FRANKFORT — Commonwealth's Attorney Ray Larson will decide in coming weeks whether to seek the death penalty in the murder case against former gubernatorial candidate and state legislator Steve Nunn.
Nunn, who was charged late Monday with the murder of his former fiancée Amanda Ross, would be eligible for the death penalty because he also allegedly violated a protective order in place at the time of Ross's shooting death.
Police believe Nunn shot Ross in the parking lot of her gated townhouse complex early Friday morning in Lexington.
Larson would not comment on the case or whether he would seek the death penalty against Nunn on Tuesday.
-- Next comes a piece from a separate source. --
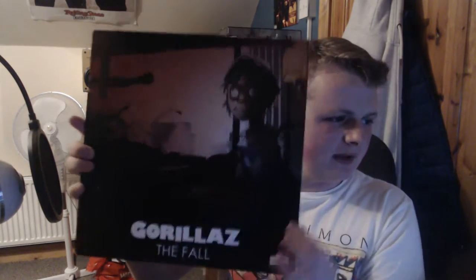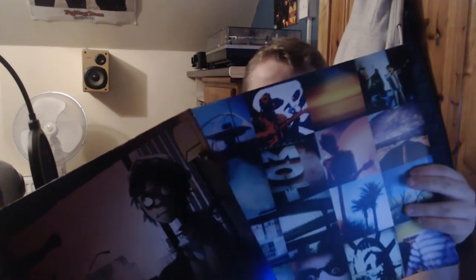Next I got this one off Discogs, secondhand — it's The Fall. Apparently there were only around 1,000 to 10,000 copies made, so it's pretty expensive. I have number 4,308 and I spent about 140 euros on it. It is kind of beat up — you can see some damage along the top — but the record sounds great. This isn't my favourite Gorillaz record, but I think Revolving Doors is a top 5 Gorillaz song. It's an album worth owning, especially if you want to complete a Gorillaz collection.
But the longtime Fayette County Commonwealth's Attorney is widely known for not cutting deals in murder cases and typically files for the death penalty if there is an aggravating factor in the murder, defense attorneys said Tuesday.
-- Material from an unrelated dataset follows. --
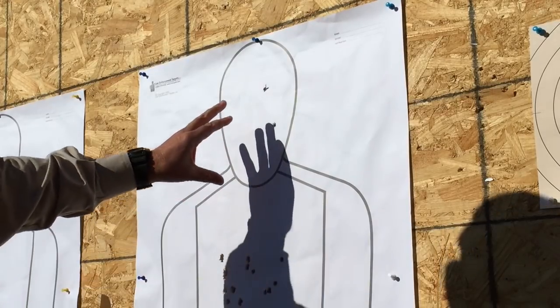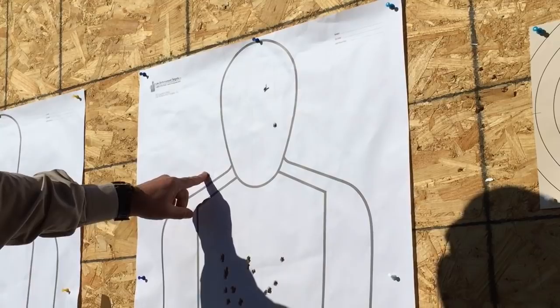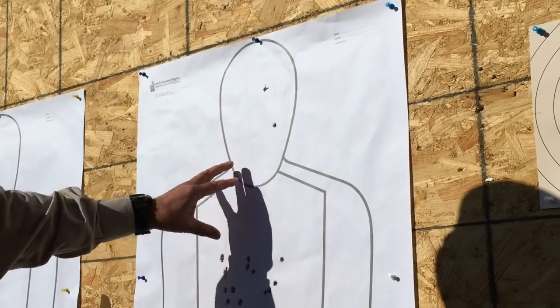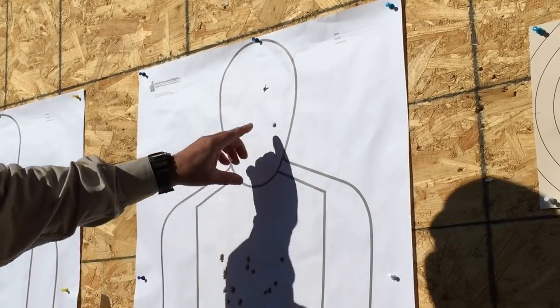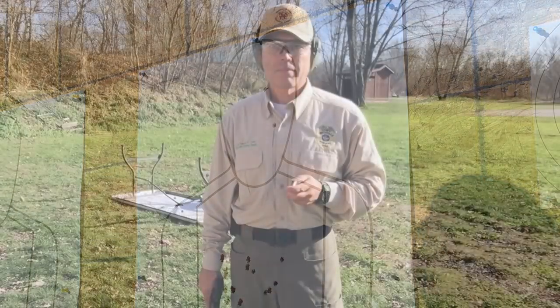All 10 shots stayed in the chest area, but the group is a little bigger than I'd like to see. That trigger continues to throw me off a little bit — toward the end, one shot went off quickly when I wasn't ready because I had gotten used to where I thought the trigger was breaking, and then all of a sudden it went when I wasn't expecting it. It stayed in the group, but that's concerning me. Moving on to failure drills from 20 feet — two shots to the body, one shot to the head in rapid succession — to see if the trigger quirkiness is less noticeable at faster tempo.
If Larson seeks the death penalty, the already high-profile murder case will come under even more scrutiny, defense attorneys said.
"Any prosecutor is going to feel concern and pressure anytime you have a situation where it could warrant a death penalty," said Bill Johnson, a longtime criminal defense attorney in Frankfort.
Both Nunn and Ross are from well-known families.
Nunn's father, Louie Nunn, was governor from 1967 to 1971. Nunn was a state legislator from 1995 to 2006 and took a job as deputy secretary of the Kentucky Cabinet for Health and Family Services in 2008. He resigned that post in March after he allegedly hit Ross, who was granted a domestic violence order of protection by a Fayette County judge.
Ross's late father, Terrell Ross, founded the well-known financial company Ross, Sinclaire & Associates, which has deep political ties. Amanda Ross, who worked at the Kentucky Department of Insurance, also was well- known in Frankfort political circles.
Many prosecutors and criminal defense lawyers said Tuesday that factors other than political pressure determine whether a prosecutor asks a jury to consider the death penalty.
"Political pressure has nothing to do with it," said Mark Stanziano, a defense attorney based in Somerset. "Anytime there is a homicide with an aggravator, they charge it as a death penalty case."
Still, many juries are hesitant to deliver death sentences. There are 36 people on Kentucky's Death Row, according to the Kentucky Department of Corrections. Since the death penalty was reinstated in 1976, Kentucky has executed three people.
Commonwealth's Attorney Larry Cleveland said it's been decades since a Franklin County jury has returned a death verdict.
"When I make that determination, I look at the county that I am in and determine how likely is it that the jury is going to return the death penalty," Cleveland said.
In Fayette County, the last time a jury recommended a death sentence was in 2000, when Virginia Caudill and Jonathan Wayne Goforth were convicted in the beating death of a 73-year-old woman. Caudill and Goforth also stole from the woman, stuck her body in the trunk of a car and set the car on fire.
Stanziano has represented defendants in more than a dozen death penalty cases. Only one of those defendants received the death penalty and that sentence was later overturned by the appellate court, Stanziano said.
Juries typically don't return death sentences unless there are multiple deaths or if children are involved, Stanziano said.
Not all murders are death penalty cases. To be eligible for the death penalty, the murder has must be committed during the commission of another crime, such as burglary, robbery, rape or sodomy. A murder of a police officer, public official or multiple people also qualifies as a death penalty case.
Stanziano said most prosecutors automatically file for the death penalty if it qualifies under the statute so they will not be accused of favoritism.
"No one can accuse you of being a racist or being a politician," Stanziano said. "But they're abdicating their responsibility to look at these cases to determine if (the death penalty) is a legitimate response."
Commonwealth's Attorney Eddy Montgomery prosecuted one of the most high-profile murders in recent history — the 2002 shooting death of Pulaski County Sheriff Sam Catron. Police arrested the shooter, Danny Shelley, and two other men whom prosecutors believed had planned the hit on Catron.
Shelley was eligible for the death penalty, but Montgomery offered Shelley a life sentence instead in exchange for testimony against the other two men.
Montgomery said Catron's family gave their blessing to the plea deal.
"If the victim's families are OK with it, then the public is generally OK with it," Montgomery said. "We're elected officials. We have to consider public opinion."